By John Tingle
In terms of the progress of developing a patient safety culture in the National Health Service (NHS) in England, the Daily Telegraph reports comments made by Professor Ted Baker, the Chief Inspector of Hospitals at the Care Quality Commission (CQC) at a recent conference in London. He held the view that “little progress” has been made improving patient safety in the NHS in 20 years, and that never events such as wrong site surgery were still happening because the overall culture is one of defensiveness. The Telegraph reported, “He told The Patient Safety Learning conference that hospital managers routinely hide evidence from the CQC, because they regard the organisation as out to blame them.”
The Telegraph also mentions an NHS estimate in July that 11,000 patients a year may be dying as a result of blunders, partly as a result of a “blame game” culture between staff.
The CQC is the NHS Independent regulator of health and social care in England.
These are strong words about the failure to make sufficient progress in properly developing an NHS culture of patient safety.

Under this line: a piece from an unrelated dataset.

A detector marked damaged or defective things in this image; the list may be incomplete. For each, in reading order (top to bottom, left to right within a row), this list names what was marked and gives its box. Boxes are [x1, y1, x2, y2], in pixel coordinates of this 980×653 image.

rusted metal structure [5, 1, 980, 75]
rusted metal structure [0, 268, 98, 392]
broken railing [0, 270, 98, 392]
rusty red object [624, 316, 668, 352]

They can be further justified when you look at NHS publications of around 20 years ago and reflect on how far or little we have moved on since then.
An organization with a memory
In the year 2000, the seminal NHS patient safety publication, “An organization with a memory,”, was published which clearly spelled out the patient safety problems that the NHS needed to resolve:
Experience suggests that the NHS as a service is not expert at preventing serious incidents or occurrences in which patients are harmed or experience very poor outcomes of care. Nor does it always learn efficiently or effectively from such failures when they do occur.

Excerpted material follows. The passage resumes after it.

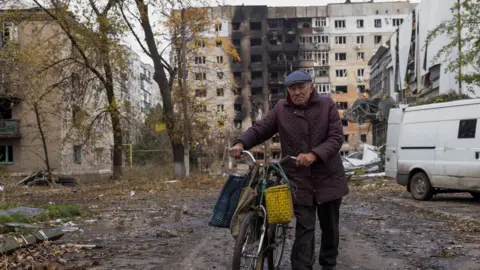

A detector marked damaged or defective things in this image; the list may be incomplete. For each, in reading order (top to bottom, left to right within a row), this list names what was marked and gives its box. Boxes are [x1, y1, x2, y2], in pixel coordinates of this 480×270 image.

The problems identified in the report are all too familiar today with the same problems seeming to largely persist. This would appear to corroborate Professors Bakers 20-year statement made at the conference that “little progress has been made improving patient safety in the NHS over the past twenty years…”
The NHS has been no slouch
Over the past 20 years the NHS has been no slouch when it comes to patient safety initiatives. Many excellent reports and initiatives have been regularly produced and continue to be produced highlighting the nature of the problems and remedies.
It may be time now however to reflect on all this activity and to see whether it is positively contributing to the development of a NHS patient safety culture. There is a danger of patient safety policy overkill with all the literature and initiatives being produced both globally and nationally. We don’t want to overwhelm health carers with too much information.
Health Education England (HEE)
A good indicator of current NHS patient safety initiatives can be seen on the HEE website. There is a lot going on. HEE have also produced an excellent piece of patient safety training and education with their tool kit which maintains an important potential to contribute towards the development of a positive and effective NHS patient safety culture.
The patient safety tool kit is call “In Safe Hands.” Sections of the guide include discussions of human factors. Up to 80% of health care errors are caused by human factors associated with poor team communication and understanding. Embedding simulation training is also discussed as a powerful method of improving patient safety. HEE state safety-focused learning and training opportunities available within the NHS, delivering the education. The importance of speaking up is discussed. Learning why raising concerns is critical to maximizing patient and workforce safety across the NHS. The resource also includes videos on Human Factors and lots of other patient safety related material.
It seems difficult to assess the progress that the NHS has made in developing a patient safety culture. Incremental and measured progress has been made, not great leaps and bounds. It is a worry that there are views that not much progress has been made but this is the stark reality of an existing situation. The point of the exact extent of progress can be seen as a moot and arguable point. Patient safety has become a global business and a myriad number of publications, papers, reports, initiatives, campaigns are now being produced. Busy health carers everywhere can feel swamped and engulfed by the tide of patient safety information flowing out. At some point patient safety policy makers need to take stock of what information is out there and to start thinking more about the development of global patient safety information hubs which can pass information down the system in manageable chunks. The worry is that in England we have had 20 years or more of trying hard with patient safety and as Professor Ted Baker said in his conference comment, we have made little progress. There are reasons for this and patient safety information overkill may be one contributing cause.